ホーム岡山畜産便り岡山畜産便り昭和25年3月

飼料と畜産

岡山県畜産課長 惣津 律士

 戦後の異常なる畜産景気さては昨年末以来の家畜の暴落は何を意味しているか,そして今や自由経済の荒波の中にほうり出されんとしている我が愛する畜産界はどんな体制を具備すべきか,実に悲壮なる決意を要するときである。
 世の識者はかねてから畜産の常道について声をからして警告を発して来た,この万人のひとしく認めざるを得ない常道からともするとぐらずいた道をたどる日本の畜産にはどんな弱点があるのだろうか。
 外国では古くから土地が畜産物を作ると言われている,乳は土地から搾れとさけばれている,そして畜産農民は飼料作物と真剣に取組んでいる,即ち飼料の造成なくして家畜の増殖,改良は到底考えられない事が常識化されている。

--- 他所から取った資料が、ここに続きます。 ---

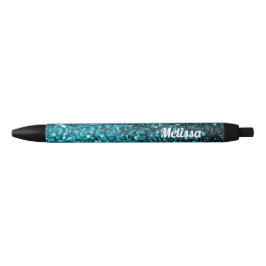 Caneta Preta Espargos brilhantes azul-aqua brilhante personaliz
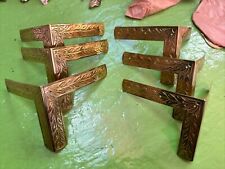Vintage Chinese Brass Decorative Corner Appliqués for Woodworking lot of 6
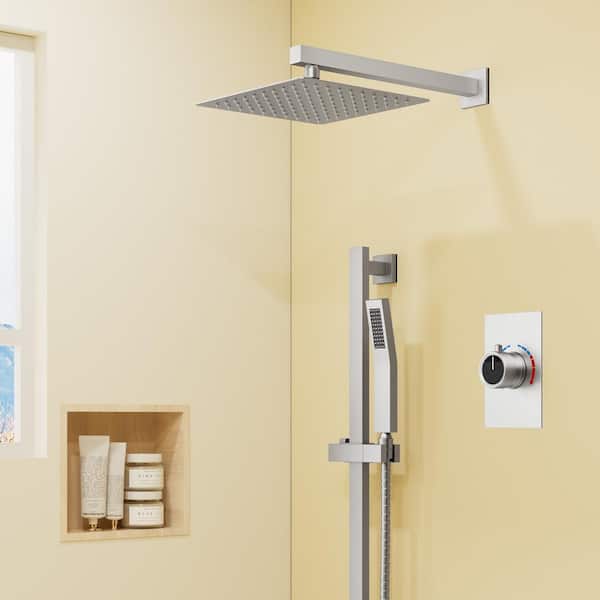 YAWWALK Single Handle 2-Spray Wall Mount 10 in. Square Shower Head Shower Faucet with High Pressure in. Brushed Nickel
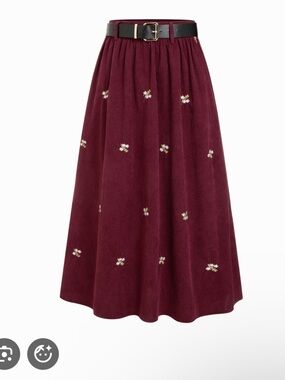 Cider Maxi Skirt in Deep Burgundy with Floral Embroidery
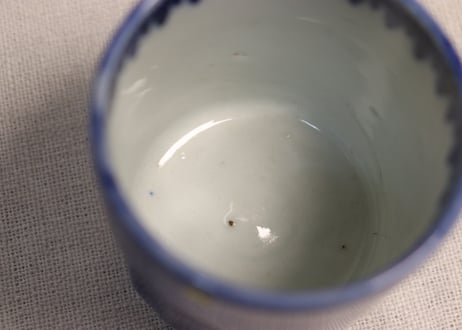明治前期紙刷微塵唐草図筒向付②縁少甘手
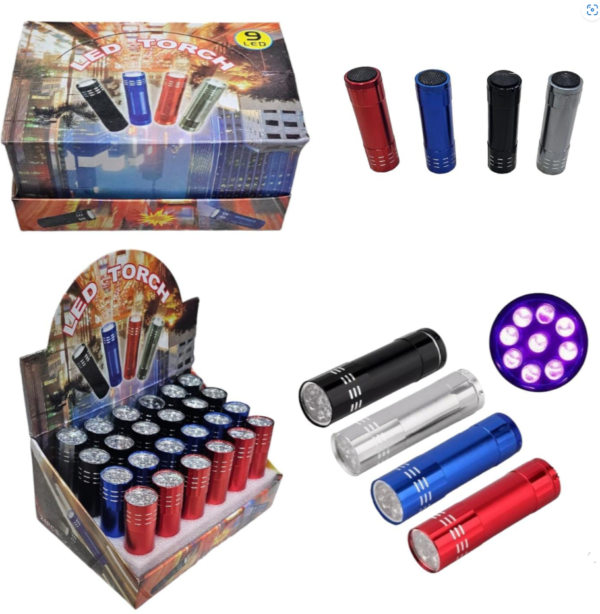 LINTERNAS A PILAS METAL 9 LED              A-510807/99043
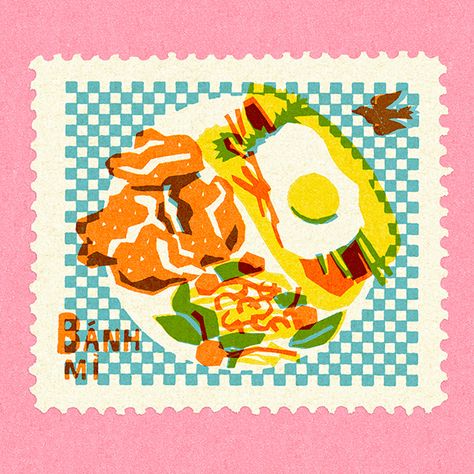 Risograph Illustration, Food Wall Art, Riso Print, Risograph Print, Food Illustration, New Wall, Food Illustrations, Cute Illustration, Visual Design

 農林省あたりで作られる畜産何ヶ年計画とかには先づ畜産物の需給計画から逆算された増殖頭数が計算されて,それから飼料計画が立案されているようである。一応なる程と思われるが,ここに重大な誤謬を認めざるを得ない,先づ第一に飼料計画が農業,林業の如き農林各部門と密接なる聯繋り下に将来の国土計画を勘案して立案され,これが基幹となった家畜の増殖計画でなければ一片の作文に終わるだろうし又畜産人のみの小乗的計画であってはならない。

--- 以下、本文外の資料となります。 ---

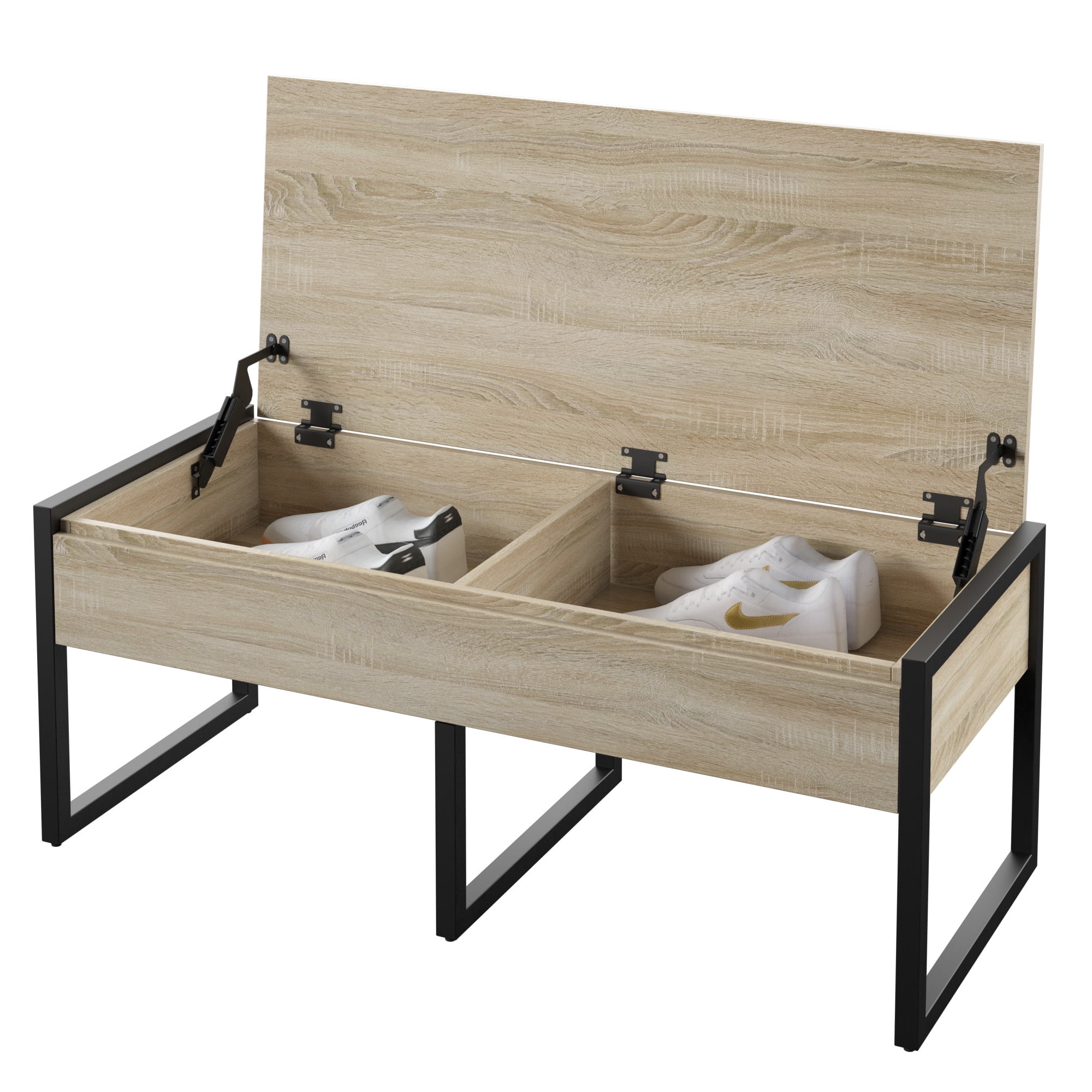 Twin Star Home 16" Entryway Storage Bench with Metal Frame, Bishop Oak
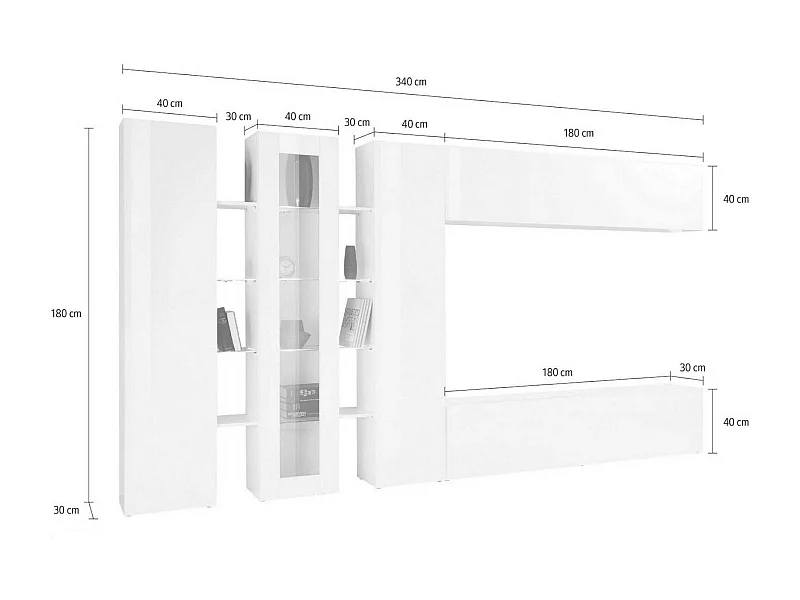 Wohnzimmermöbel Darcadi, Wohnzimmer-Set TV-Möbel mit 3 Türen, Mehrzweck-Wohnzimmermöbel mit LED-Beleuchtung, 100 % Made in Italy, cm 340x30h180, glänzend weiÃŸ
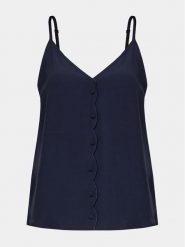 NAF NAF Top Ilina C1 YHNC26 Granatowy Regular Fit. Niebieskie topy NAF NAF, bez wzorów, z wiskozy, bez kołnierzyka, bez ramiączek. Za 69.99 zł.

 かくの如く中央に於ても地方に於ても飼料に対する認識が極めて不足である事は実になげかわしい事であり,これは畜産人以外のものに到っては認識は全くないと言っても過言ではない,更に畜産人に於ても家畜の改良に関する技術者は数多いが,飼料と真剣に取組んでいる技術者が何人あるだろうか。
 生産を引下げて国民にも海外にも安い良質の畜産物を豊富に供給する運命の下に置かれている我国の畜産界としては購入飼料への依存をいさぎよく脱皮しなければ到底進展は期し得られない事は明々白々たる事寒である。
 国土はせまいとはいえ全面積の8割以上の山林を有する日本としては畜産に依る開拓の余地は極めて広大であり,国民全般が飼料と畜産との認識を新たにする時こそ国民生活の向上と国連の発展が期し得られるものと確信している。